In the entries below, which lines run from the one with "Squier - Affinity" through the one with "Bambus, sztuczna roślina"? Repeat exactly those, both included, and no pictures.

# Data for processing:
★ ★ ★ ★ ★
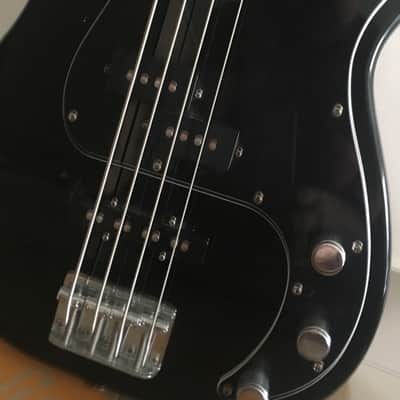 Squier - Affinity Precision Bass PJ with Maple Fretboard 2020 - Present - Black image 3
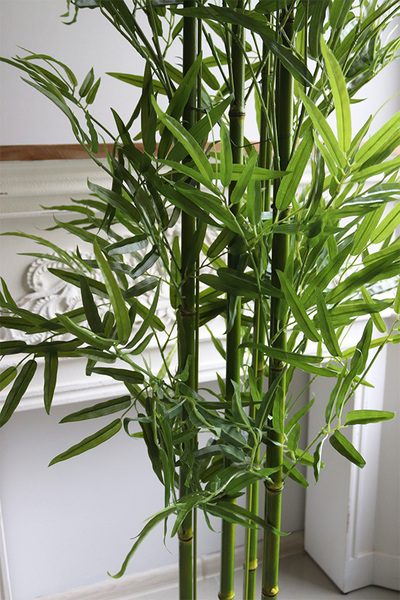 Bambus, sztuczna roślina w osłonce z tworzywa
★ ★ ★ ★ ★
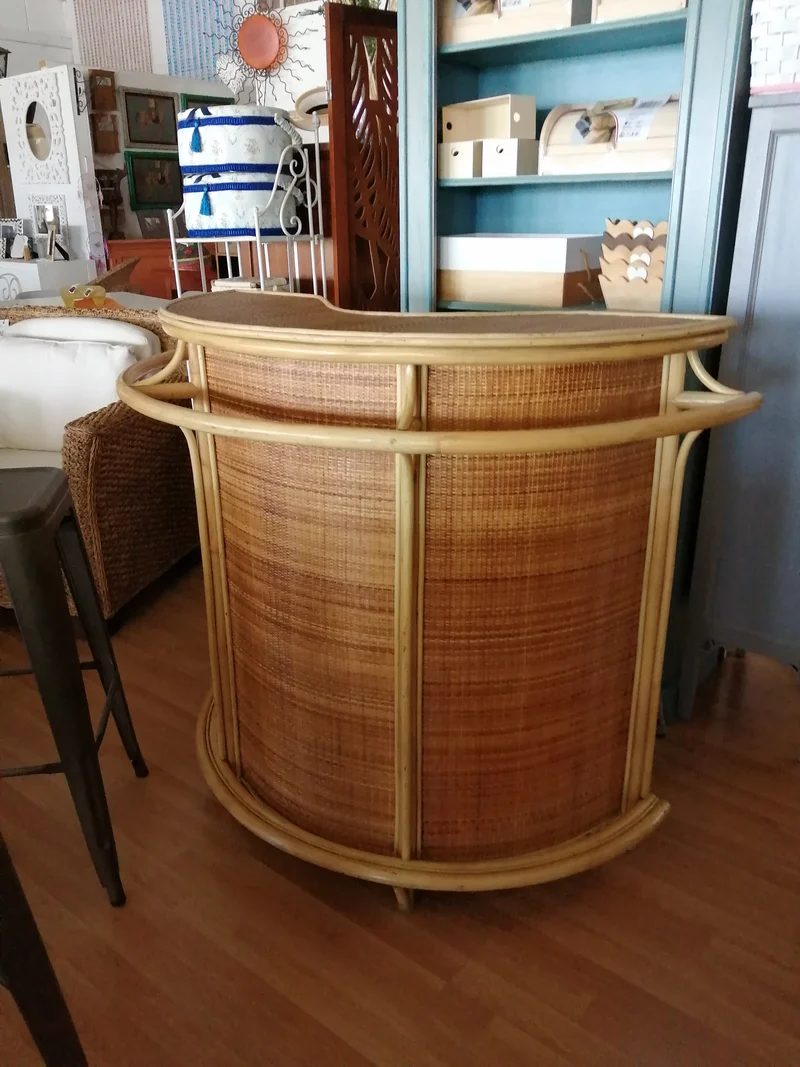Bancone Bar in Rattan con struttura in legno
★ ★ ★ ★ ★
# Task output:
 Squier - Affinity Precision Bass PJ with Maple Fretboard 2020 - Present - Black image 3
 Bambus, sztuczna roślina w osłonce z tworzywa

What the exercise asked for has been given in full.